[COLLECTED DATA]

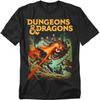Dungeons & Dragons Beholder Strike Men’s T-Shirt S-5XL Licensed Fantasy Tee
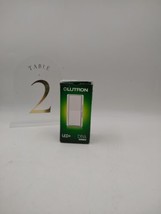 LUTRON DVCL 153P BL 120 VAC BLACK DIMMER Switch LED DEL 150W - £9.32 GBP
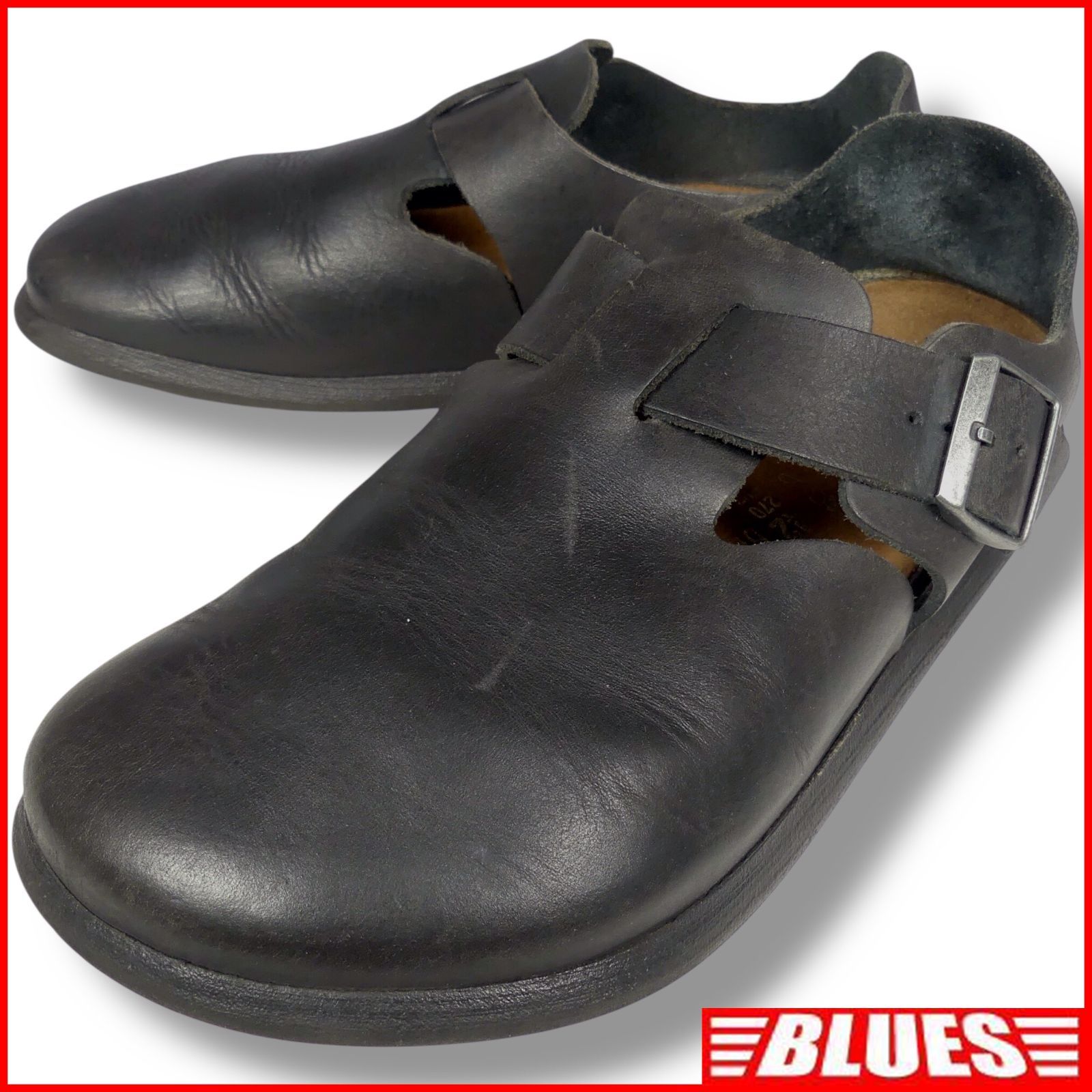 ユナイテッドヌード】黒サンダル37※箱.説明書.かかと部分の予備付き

[TASK DIRECTIONS] Your copy should match the data exactly, apart from the images, which are dropped.

[EXPECTED ANSWER]
Dungeons & Dragons Beholder Strike Men’s T-Shirt S-5XL Licensed Fantasy Tee
 LUTRON DVCL 153P BL 120 VAC BLACK DIMMER Switch LED DEL 150W - £9.32 GBP
 ユナイテッドヌード】黒サンダル37※箱.説明書.かかと部分の予備付き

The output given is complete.